→ COLLECTED DATA:
▽

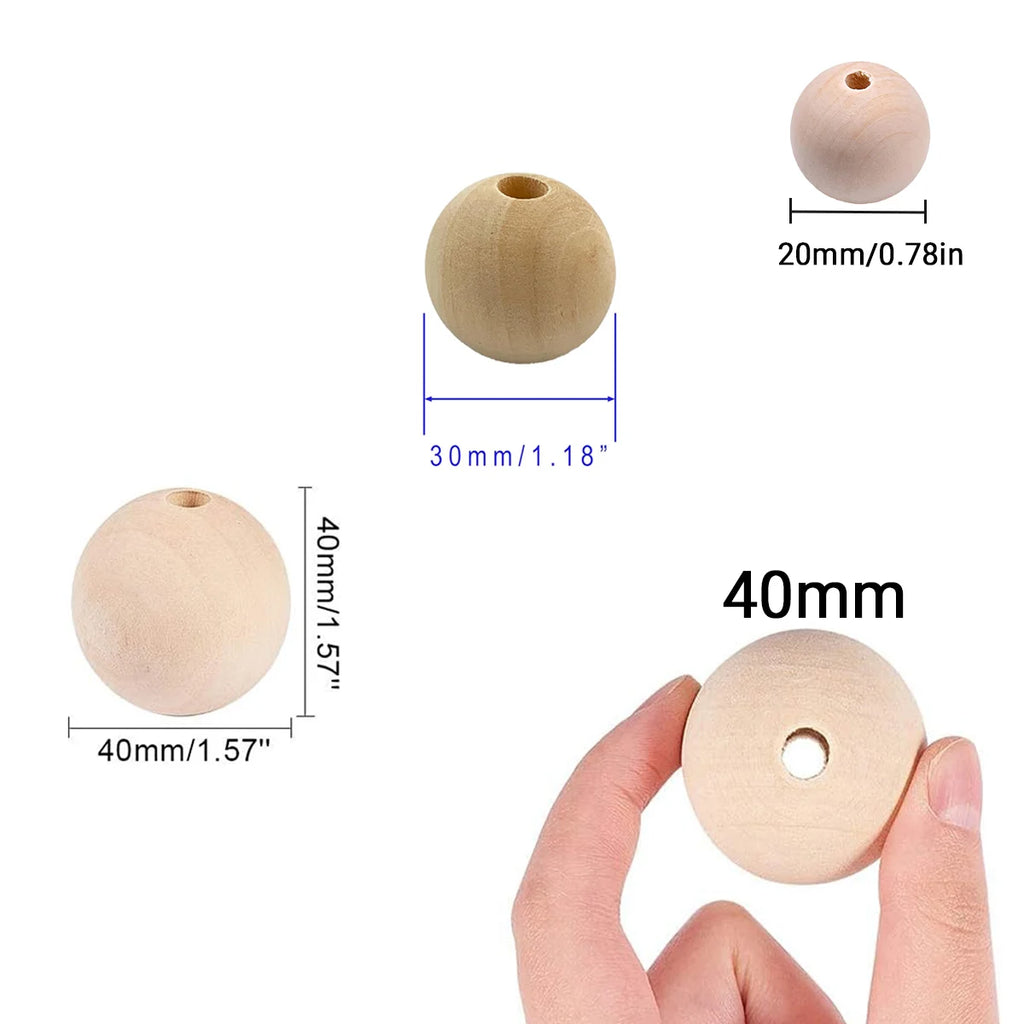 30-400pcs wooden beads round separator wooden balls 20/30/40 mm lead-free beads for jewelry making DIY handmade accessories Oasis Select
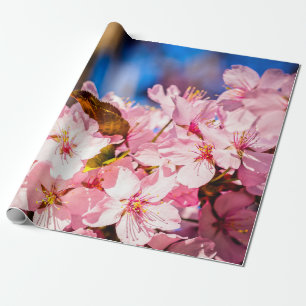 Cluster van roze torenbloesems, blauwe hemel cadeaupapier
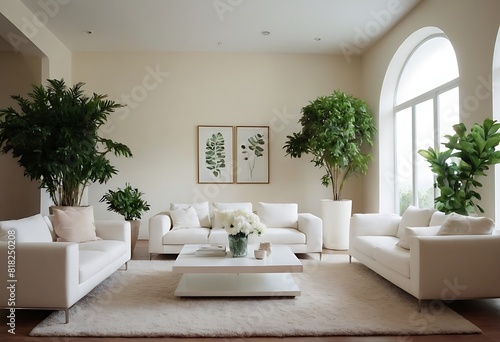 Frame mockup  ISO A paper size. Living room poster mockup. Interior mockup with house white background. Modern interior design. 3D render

△

Reproduce exactly the lines from the beginning of the material down to the line containing "Cluster van roze", both ends included, but not the pictures or anything after.

 30-400pcs wooden beads round separator wooden balls 20/30/40 mm lead-free beads for jewelry making DIY handmade accessories Oasis Select
 Cluster van roze torenbloesems, blauwe hemel cadeaupapier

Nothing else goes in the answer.